3人掛けの長机が3×3列並び、最後列は中央に3人、両脇に2人ずつ掛けているので、班員の参加者は進行役の張子涵と案内役のヒカリを除いて25人。前部には同じ長机が2つ。入り口側から張子涵、マルティネス、アーウィン、ヒカリ、そしてハバシュの順に並ぶ。張子涵がアーウィン、マルティネス、ハバシュの紹介をし、5人は着座する。
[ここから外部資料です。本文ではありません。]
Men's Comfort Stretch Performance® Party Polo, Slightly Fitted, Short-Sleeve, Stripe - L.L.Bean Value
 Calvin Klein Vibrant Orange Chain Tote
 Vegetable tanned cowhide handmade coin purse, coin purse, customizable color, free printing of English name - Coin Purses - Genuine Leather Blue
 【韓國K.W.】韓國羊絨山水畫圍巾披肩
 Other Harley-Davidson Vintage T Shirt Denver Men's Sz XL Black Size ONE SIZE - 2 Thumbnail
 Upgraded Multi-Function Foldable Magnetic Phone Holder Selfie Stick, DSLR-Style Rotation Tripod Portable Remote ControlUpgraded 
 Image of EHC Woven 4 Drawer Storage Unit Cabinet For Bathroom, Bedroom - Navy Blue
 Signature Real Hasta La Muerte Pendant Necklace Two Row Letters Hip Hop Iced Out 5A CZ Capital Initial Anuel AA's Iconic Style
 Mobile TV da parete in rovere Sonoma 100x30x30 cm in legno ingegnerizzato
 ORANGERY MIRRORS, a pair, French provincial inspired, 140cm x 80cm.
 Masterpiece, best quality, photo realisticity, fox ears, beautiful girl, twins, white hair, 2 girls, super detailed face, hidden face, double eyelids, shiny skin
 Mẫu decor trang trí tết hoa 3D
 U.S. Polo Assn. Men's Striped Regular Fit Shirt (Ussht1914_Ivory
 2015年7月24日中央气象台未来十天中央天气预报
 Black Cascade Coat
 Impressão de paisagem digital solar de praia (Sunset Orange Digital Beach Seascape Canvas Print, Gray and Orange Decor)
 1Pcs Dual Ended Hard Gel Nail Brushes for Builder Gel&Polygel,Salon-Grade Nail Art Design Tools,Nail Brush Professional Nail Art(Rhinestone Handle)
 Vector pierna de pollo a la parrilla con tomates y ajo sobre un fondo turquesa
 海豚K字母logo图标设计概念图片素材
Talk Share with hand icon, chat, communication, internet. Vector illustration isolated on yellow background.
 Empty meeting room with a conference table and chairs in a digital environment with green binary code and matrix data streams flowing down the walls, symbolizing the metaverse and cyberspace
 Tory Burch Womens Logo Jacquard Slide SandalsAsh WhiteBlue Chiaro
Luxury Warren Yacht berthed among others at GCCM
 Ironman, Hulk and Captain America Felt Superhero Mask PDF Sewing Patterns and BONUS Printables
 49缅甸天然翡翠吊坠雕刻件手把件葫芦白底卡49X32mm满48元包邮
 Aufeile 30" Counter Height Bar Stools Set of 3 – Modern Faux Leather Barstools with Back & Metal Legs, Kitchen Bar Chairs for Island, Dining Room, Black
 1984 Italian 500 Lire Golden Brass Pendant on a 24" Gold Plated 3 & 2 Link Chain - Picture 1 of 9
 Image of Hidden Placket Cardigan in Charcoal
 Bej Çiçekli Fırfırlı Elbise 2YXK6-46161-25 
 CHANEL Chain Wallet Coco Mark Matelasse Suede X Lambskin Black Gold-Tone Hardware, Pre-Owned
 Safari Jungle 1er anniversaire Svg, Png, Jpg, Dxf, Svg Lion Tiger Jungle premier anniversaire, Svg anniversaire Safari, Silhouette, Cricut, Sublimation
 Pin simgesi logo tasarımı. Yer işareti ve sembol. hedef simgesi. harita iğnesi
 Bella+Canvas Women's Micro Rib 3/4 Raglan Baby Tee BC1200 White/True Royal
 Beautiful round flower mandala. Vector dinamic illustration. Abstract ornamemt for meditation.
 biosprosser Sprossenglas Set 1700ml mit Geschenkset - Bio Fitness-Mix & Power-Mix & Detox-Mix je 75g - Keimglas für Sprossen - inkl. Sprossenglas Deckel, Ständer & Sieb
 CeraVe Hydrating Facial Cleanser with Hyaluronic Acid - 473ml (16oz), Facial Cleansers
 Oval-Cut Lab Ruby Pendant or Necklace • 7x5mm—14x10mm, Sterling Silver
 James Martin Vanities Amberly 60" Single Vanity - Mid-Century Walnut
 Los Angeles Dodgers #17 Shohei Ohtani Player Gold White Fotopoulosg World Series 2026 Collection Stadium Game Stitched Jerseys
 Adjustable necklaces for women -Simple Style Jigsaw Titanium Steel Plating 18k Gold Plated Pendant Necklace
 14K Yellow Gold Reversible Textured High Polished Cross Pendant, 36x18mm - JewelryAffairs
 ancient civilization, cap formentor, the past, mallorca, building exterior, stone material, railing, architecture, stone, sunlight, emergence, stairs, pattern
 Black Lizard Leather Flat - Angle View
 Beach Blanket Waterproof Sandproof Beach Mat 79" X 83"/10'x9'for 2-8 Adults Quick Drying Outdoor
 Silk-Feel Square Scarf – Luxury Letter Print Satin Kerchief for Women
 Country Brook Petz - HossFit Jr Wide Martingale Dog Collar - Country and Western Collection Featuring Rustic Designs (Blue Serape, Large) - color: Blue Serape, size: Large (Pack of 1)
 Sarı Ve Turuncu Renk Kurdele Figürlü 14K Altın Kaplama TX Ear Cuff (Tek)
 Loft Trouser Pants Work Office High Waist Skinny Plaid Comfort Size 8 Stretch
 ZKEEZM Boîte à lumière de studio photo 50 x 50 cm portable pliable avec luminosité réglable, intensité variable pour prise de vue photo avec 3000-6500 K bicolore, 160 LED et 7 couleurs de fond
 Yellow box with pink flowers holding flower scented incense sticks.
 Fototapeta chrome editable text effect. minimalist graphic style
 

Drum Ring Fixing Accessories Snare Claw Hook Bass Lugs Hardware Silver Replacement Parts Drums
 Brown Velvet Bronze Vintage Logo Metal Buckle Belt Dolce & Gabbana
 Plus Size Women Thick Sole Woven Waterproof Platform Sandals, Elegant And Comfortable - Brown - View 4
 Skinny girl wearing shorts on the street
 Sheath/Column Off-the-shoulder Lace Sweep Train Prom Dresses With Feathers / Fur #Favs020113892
[えー、お伝えした通り、今日話す内容は、この場限りで一切口外無用で願います。それではさっそく、アーウィン副団長からお話ししていただきましょう]と張子涵が切り出す。
【その前に】とマルティネスが遮る。
彼は、2つの机の間に置いたスタンドに自分のPITをセットして録画を始めた。
【今日の模様は、調査資料として録画させていただきます。よろしいでしょうか】
会場から異議は無い。
[支団本部の人間や区長が見ることはないから、安心して下さい]と張子涵。
【それでは】と言うと、軽く咳払いしてアーウィンが話し始める。
【本日は急なお願いにもかかわらず、これだけの方々にお集まりいただいたことに、感謝したいと思います。私たちは、国際連邦からの派遣で調査団として来ました。ですから私たちの目的は、みなさんのお話しをお聞かせいただくことです。とはいうものの、みなさんも今回の件ではご不安なこと、疑問に思っておられることがあるかと思います。最初にみなさんからのご質問をいただき、可能な限りお答えすることから始めたいと思います】
[ふだん通り、とはいかないでしょうが、なるたけざっくばらんにいきましょう]と張子涵。
[それでは私から]と60代の男性。
[そもそもどういうことが起こっているのか、順序立ててご説明いただけんだろうか]
【これは観測予報部員であるマルティネスから説明してもらおうか】とアーウィン。
マルティネスは、PITからエア・ディスプレイに説明資料を投影して、マオのインパクトと、そのタイミングと影響についての説明を行う。
[この事態を受けて、上海の周光立と武漢の楊大地が代表になって、ネオ・シャンハイを避難場所として使わせてもらうための申入れを行ったんです]と張子涵。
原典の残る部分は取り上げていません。